##### Input records
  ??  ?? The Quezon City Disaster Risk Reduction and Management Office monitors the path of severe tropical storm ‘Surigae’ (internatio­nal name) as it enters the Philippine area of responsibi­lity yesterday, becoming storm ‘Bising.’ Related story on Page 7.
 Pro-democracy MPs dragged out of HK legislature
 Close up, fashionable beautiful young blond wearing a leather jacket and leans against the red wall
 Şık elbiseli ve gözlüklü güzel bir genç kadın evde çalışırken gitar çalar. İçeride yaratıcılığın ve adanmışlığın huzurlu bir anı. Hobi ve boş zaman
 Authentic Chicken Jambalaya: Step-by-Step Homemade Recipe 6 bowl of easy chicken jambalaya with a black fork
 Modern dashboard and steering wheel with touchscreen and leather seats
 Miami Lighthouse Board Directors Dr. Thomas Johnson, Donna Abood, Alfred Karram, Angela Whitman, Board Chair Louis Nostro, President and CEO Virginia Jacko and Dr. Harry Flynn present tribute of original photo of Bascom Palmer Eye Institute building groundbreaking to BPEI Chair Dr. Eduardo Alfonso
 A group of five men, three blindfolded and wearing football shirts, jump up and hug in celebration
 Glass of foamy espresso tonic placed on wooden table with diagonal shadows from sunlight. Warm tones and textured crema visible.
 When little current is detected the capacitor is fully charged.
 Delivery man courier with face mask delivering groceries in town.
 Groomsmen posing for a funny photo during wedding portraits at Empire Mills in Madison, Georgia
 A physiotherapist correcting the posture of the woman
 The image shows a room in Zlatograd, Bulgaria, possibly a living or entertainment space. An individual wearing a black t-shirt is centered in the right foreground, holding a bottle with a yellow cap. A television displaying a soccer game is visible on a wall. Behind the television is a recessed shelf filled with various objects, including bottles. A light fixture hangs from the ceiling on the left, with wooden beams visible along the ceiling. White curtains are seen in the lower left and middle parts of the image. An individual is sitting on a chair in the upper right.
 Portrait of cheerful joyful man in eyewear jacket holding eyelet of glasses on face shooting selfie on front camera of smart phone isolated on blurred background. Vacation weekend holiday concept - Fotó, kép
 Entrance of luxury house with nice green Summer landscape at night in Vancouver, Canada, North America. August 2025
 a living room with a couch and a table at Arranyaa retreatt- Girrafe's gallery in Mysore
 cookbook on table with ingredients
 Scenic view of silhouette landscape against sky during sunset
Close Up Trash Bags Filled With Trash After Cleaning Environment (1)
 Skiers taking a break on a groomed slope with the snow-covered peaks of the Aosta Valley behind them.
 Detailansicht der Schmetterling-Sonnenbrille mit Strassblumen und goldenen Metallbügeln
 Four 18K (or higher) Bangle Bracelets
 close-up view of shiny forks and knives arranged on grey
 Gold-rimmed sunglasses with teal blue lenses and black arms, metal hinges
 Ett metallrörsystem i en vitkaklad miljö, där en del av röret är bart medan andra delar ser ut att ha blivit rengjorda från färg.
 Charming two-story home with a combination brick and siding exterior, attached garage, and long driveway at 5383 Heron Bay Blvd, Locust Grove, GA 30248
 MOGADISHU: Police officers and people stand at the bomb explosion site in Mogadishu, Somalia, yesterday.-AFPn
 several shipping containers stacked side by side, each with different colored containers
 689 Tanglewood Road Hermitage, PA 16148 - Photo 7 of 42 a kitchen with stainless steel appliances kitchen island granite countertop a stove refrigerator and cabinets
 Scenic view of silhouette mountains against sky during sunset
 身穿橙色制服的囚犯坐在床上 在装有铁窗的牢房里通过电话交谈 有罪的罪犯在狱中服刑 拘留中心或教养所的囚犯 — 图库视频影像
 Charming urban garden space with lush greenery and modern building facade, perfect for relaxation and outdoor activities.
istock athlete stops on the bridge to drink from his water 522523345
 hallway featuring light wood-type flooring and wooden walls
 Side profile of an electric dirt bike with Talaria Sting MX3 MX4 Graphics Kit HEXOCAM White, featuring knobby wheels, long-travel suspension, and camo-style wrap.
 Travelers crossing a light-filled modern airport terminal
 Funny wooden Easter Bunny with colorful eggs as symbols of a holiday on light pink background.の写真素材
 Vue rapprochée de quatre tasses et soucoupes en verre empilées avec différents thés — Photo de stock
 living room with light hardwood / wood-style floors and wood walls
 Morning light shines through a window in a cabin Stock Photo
##########
Task to carry out: Please write out, exactly as they appear above, only the lines in the stretch from the line with "A physiotherapist correcting" through the line with "Gold-rimmed sunglasses with".

Problem solution:
 A physiotherapist correcting the posture of the woman
 The image shows a room in Zlatograd, Bulgaria, possibly a living or entertainment space. An individual wearing a black t-shirt is centered in the right foreground, holding a bottle with a yellow cap. A television displaying a soccer game is visible on a wall. Behind the television is a recessed shelf filled with various objects, including bottles. A light fixture hangs from the ceiling on the left, with wooden beams visible along the ceiling. White curtains are seen in the lower left and middle parts of the image. An individual is sitting on a chair in the upper right.
 Portrait of cheerful joyful man in eyewear jacket holding eyelet of glasses on face shooting selfie on front camera of smart phone isolated on blurred background. Vacation weekend holiday concept - Fotó, kép
 Entrance of luxury house with nice green Summer landscape at night in Vancouver, Canada, North America. August 2025
 a living room with a couch and a table at Arranyaa retreatt- Girrafe's gallery in Mysore
 cookbook on table with ingredients
 Scenic view of silhouette landscape against sky during sunset
Close Up Trash Bags Filled With Trash After Cleaning Environment (1)
 Skiers taking a break on a groomed slope with the snow-covered peaks of the Aosta Valley behind them.
 Detailansicht der Schmetterling-Sonnenbrille mit Strassblumen und goldenen Metallbügeln
 Four 18K (or higher) Bangle Bracelets
 close-up view of shiny forks and knives arranged on grey
 Gold-rimmed sunglasses with teal blue lenses and black arms, metal hinges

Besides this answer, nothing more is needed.